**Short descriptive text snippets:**

══════

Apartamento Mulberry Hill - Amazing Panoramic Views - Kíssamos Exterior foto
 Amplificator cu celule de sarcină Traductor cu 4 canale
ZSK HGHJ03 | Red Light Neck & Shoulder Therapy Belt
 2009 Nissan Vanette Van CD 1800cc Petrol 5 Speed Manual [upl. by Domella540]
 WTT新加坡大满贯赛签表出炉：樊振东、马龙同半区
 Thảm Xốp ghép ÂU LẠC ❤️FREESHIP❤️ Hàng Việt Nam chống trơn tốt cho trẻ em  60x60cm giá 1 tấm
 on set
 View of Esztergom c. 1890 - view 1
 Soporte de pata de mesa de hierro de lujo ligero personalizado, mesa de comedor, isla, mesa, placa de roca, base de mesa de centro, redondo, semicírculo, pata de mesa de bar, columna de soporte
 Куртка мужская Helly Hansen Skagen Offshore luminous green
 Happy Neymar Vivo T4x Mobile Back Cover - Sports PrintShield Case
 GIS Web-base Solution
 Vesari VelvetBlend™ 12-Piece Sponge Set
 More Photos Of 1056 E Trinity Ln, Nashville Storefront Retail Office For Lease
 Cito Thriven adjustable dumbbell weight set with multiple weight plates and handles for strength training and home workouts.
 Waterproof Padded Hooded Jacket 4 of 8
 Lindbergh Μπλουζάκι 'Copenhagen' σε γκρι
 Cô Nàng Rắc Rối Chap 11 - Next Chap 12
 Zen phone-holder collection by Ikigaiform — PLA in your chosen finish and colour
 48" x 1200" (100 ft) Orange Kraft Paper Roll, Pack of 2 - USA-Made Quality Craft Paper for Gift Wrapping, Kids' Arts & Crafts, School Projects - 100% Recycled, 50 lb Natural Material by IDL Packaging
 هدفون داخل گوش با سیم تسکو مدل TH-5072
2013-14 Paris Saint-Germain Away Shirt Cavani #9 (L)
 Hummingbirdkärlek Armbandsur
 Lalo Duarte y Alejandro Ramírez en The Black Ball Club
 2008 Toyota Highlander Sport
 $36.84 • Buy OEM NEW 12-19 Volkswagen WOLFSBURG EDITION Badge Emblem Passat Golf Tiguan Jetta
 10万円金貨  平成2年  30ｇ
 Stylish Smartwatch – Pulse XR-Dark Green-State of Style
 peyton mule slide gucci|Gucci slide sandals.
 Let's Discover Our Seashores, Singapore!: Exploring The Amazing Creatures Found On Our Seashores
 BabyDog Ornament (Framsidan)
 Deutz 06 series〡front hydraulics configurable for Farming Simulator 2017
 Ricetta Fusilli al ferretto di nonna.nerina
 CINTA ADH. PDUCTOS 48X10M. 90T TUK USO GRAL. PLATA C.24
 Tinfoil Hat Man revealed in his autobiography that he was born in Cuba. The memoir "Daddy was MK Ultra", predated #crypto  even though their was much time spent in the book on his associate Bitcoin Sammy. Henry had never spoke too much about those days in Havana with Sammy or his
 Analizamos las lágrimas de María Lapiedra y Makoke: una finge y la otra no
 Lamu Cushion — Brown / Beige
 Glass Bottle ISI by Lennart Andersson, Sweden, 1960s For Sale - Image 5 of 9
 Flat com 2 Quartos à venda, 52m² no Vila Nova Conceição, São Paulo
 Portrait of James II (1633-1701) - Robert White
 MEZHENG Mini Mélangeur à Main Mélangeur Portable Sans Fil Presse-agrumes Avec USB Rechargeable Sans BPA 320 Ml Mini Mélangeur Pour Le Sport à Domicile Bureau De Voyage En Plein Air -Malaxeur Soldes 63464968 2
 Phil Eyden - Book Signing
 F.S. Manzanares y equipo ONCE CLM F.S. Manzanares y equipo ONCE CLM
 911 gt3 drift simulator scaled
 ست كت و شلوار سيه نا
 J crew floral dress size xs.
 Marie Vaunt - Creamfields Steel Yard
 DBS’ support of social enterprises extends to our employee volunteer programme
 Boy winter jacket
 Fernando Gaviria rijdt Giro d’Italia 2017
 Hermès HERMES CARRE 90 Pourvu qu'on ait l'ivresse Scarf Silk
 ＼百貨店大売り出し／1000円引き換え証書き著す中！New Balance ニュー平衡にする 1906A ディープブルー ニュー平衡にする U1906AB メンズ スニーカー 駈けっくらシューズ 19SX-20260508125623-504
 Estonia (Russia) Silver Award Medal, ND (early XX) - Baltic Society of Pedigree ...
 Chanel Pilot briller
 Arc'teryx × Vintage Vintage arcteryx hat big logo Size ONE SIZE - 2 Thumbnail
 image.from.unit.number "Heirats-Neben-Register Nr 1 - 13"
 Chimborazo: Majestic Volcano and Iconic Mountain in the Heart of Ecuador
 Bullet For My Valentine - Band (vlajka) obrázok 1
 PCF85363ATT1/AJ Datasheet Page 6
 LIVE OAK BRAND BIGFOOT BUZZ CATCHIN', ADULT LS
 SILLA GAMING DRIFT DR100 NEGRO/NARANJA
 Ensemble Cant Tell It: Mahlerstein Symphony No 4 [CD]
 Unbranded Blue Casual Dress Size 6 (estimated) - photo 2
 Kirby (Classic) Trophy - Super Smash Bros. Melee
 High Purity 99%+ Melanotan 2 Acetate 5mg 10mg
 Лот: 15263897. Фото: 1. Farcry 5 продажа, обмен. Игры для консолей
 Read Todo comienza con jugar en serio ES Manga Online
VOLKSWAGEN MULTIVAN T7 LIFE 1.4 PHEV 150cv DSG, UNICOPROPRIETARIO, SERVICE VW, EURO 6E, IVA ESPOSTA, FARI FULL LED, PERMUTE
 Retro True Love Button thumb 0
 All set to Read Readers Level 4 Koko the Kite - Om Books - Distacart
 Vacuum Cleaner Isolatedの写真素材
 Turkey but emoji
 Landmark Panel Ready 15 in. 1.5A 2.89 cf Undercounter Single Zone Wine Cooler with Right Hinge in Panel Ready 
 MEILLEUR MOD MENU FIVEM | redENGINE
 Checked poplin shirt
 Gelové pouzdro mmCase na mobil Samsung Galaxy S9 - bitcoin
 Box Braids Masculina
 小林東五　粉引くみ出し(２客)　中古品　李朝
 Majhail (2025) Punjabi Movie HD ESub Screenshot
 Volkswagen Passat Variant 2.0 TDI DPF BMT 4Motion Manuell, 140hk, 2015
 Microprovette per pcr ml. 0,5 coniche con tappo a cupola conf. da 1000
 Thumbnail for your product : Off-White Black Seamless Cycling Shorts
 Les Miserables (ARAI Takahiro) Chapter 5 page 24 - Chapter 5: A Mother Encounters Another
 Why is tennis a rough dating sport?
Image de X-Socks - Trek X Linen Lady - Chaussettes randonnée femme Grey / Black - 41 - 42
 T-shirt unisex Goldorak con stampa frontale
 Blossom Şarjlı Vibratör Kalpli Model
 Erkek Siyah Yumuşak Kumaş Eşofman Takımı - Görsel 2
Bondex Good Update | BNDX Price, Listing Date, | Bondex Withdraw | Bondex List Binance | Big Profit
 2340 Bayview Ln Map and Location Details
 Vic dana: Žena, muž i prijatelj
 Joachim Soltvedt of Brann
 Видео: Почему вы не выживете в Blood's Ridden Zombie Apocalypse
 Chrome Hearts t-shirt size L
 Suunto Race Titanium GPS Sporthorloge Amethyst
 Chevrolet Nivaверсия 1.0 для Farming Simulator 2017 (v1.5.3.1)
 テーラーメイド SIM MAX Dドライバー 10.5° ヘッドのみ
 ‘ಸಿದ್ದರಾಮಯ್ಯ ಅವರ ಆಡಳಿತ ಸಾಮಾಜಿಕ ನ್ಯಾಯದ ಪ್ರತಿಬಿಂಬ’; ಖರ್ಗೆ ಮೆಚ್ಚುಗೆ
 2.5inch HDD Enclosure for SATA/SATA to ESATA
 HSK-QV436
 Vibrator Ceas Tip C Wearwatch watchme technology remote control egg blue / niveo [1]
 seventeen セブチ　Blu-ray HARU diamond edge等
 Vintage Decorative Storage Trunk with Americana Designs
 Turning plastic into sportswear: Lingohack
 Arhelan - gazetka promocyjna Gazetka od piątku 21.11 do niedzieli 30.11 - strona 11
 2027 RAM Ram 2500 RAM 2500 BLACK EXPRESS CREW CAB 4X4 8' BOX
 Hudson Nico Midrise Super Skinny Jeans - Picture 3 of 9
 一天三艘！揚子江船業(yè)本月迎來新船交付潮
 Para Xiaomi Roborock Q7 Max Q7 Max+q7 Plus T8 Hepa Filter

══════

Count, in the records above, the lines that include "base", and give the number with nothing added.

2